Searching for Hanoi's Ultimate Pho
With more Americans sampling Vietnam's savory soup, a noted food critic and an esteemed maestro track down the city's best
- By Mimi Sheraton
- Smithsonian magazine, March 2010, Subscribe
(Page 3 of 3)
The next day, Gilbert and I were disappointed by a pallid, salty and inept pho bo at a much-recommended branch of a slick, trendy Saigon chain, Pho24; we dubbed it McPho. For the rest of our days in Hanoi, we rose early to find excellent pho in the stalls that had been closed to us at lunch. We also discovered Spices Garden, a very good Vietnamese restaurant in the restored Sofitel Metropole Hanoi, the historic hotel once patronized by Graham Greene, W. Somerset Maugham and Charlie Chaplin. There a verdant, abundant pho bo is part of the lunchtime buffet (no surprise, since Didier Corlou was the chef at the hotel for 16 years, until 2007). On the second and final night of the Philharmonic’s engagement, the audience included a large number of children whose parents had brought them to hear the Brahms Concerto in D major for Violin and Orchestra, with featured violinist Frank Peter Zimmermann. Tetsuji Honna, the Japanese music director of the Vietnam National Symphony Orchestra, explained to me that the violin is the most popular instrument for children in Asia to learn.
After the concert, Honna and one of his violinists, Dao Hai Thanh, invited me to try some late-night pho in the old quarter of Hanoi around Tong Duy Tan Street. Here young Vietnamese gather at long tables at a variety of stalls where meats and vegetables are cooked over table grills or dipped into hot pots of seething broth.
Our destination was Chuyen Bo, a pho stall with stools so low that Honna had to pile three atop one another for me to sit on. The choice of ingredients was staggering: not only eight kinds of greens, tofu, soft or crisp noodles, but also various cuts of beef—oxtail, brisket, shoulder, kidneys, stomach, tripe, lungs, brains—plus cooked blood that resembled blocks of chocolate pudding, a pale pink meat described to me as “cow’s breast” (finally decoded as “udder”) and a rather dry, sinewy-looking meat that one of the workers, pointing to his groin, said was “from a man.” I was relieved to learn that the ingredient in question was a bull’s penis.
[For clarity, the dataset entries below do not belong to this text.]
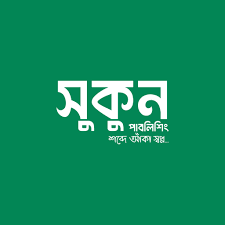 সুকুন পাবলিশিং – শব্দে আঁকা স্বপ্ন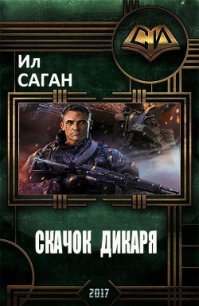 Скачок Дикаря (СИ) - Саган Ил (книги онлайн бесплатно без регистрации полностью .txt) 📗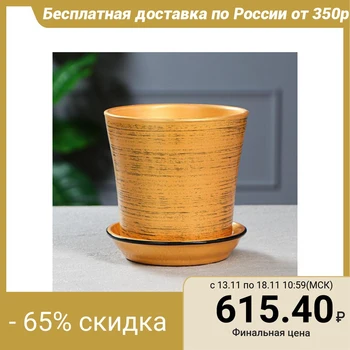 

Flowerpot "Veil" 1 l, gloss, golden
I opted instead for a delicious if conventional pho of oxtail and brisket. But later I worried that I had missed an opportunity. Perhaps udder and penis pho might have made a more stirring, not to mention memorable, finale to my quest. Maybe next time. Pho better or pho worse.
Mimi Sheraton has been a food writer for over 50 years. She has written more than a dozen books, including the 2004 memoir Eating My Words: An Appetite for Life.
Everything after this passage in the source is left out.